Proof that sequence converges to staircase function Let $ \ f: \mathbb{R} \to \mathbb{R} \ $ be the function $ \ f(x) = x + \sin(x) \ $, for all $ \ x \in \mathbb{R} \ $. Define a sequence of functions $ \ (f_n) \ $ such that $ \ f_1 = f \ $ and, $\forall n \in \mathbb{N} \ $, $ \ f_{n+1} = f \circ f_n \ $. We get $ \ f_1 = f \ $, $f_2 = f \circ f = f^2 \ $, $f_3 = f \circ f \circ f = f^3 \ $, ...
Prove that this sequence converges to a (shifted)
staircase function.
Thanks.
 A: In the following I assume you are interested in point-wise convergence.

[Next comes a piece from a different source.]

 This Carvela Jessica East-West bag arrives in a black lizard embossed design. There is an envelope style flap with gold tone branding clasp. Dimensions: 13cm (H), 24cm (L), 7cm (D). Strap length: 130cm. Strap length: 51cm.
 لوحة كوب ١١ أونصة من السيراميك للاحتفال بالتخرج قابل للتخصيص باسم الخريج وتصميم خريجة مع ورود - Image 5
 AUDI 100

Notice that points of the form $k\pi$ are fixed points of $f$, and so are fixed by every function in your sequence $\{ f_n \}_n$. Moreover, notice that $f(x)=-f(-x)$, and so this also holds for every function in the sequence. As a consequence, it is enough to focus on points $x\geq 0$, and the rest follows by symmetry. Moreover, by an argument similar to the one above, it can easily be seen that it is sufficient to study the sequence in the interval $[0,\pi]$.

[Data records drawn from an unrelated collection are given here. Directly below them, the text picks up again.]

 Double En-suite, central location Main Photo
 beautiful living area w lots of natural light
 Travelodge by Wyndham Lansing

It is enough to prove that, if $x=(2k+1)\pi+y$, with $-\pi<y<\pi$, then $f^n(x)\to (2k+1)\pi$, which can be easily shown by working in $[0,\pi]$.
A: Note that for $k \in \mathbb{Z}$;
$\lim_{n \rightarrow \infty}f_n(k\pi) = k\pi$
Now there are two remaining cases where the domain can belong
Case 1) $x \in ((2k-1)\pi,2k\pi)$
Then $(2k-1)\pi < f(x) < x$; Hence $f_n(x)$ is a decreasing sequence bounded below by $(2k-1)\pi$; Thus $f_n(x)$ must converge to some $p_x$ in $((2k-1)\pi,2k\pi)$ that must be a fixed point; thus we must have $p_x = (2k-1)\pi$
Case 2) $y \in (2k\pi,(2k+1)\pi)$
Note that in this case $ y < f(y) < (2k+1)\pi$; Hence $f_n(y)$ is a increasing sequence bounded above by $(2k+1)\pi$; by similar reasoning to Case 1) we have that $f_n(y)$ converges to $(2k+1)\pi$
A: It suffices to show the following:
Let $\{a_n\}$ be recursively defined as
$$
a_1=x, \quad a_{n+1}=a_{n}+\sin a_{n}=f(a_n).
$$
Then:
(i) If $x\in k\pi)$, then $\{a_n\}$ is constant.
(ii) If $x\in \big(2k\pi,(2k+1)\pi\big)$, then $a_n\to (2k+1)\pi$.
(iii) If $x\in \big((2k-1)\pi,2k\pi\big)$ then $a_n\to (2k-1)\pi$.
Proof.
(i) is obvious. For (ii), if $x\in \big(2k\pi,(2k+1)\pi\big)$, then $\sin x>0$ and
$$
2k\pi<x<x+\sin x=x-\int^{(2k+1)\pi}_x\cos t<x+\big((2k+1)\pi -x\big)=(2k+1)\pi.
$$
Hence, $\{a_n\}$ is strictly increasing and upper bounded by $(2k+1)\pi$ and hence convergent to a $y\in (2k\pi,(2k+1)\pi]$. Now if $a_n\to y$, then
$$
a_{n+1}=a_n+\sin a_n\to y+\sin y.
$$
But $a_{n+1}\to y$, and hence $y$ is of the form $(2\ell+1)\pi$. The only such number in the interval $(2k\pi,(2k+1)\pi]$ is $(2k+1)\pi$. Hence $a_n\to (2k+1)\pi$.
(iii) is dealt to in a similar fashion.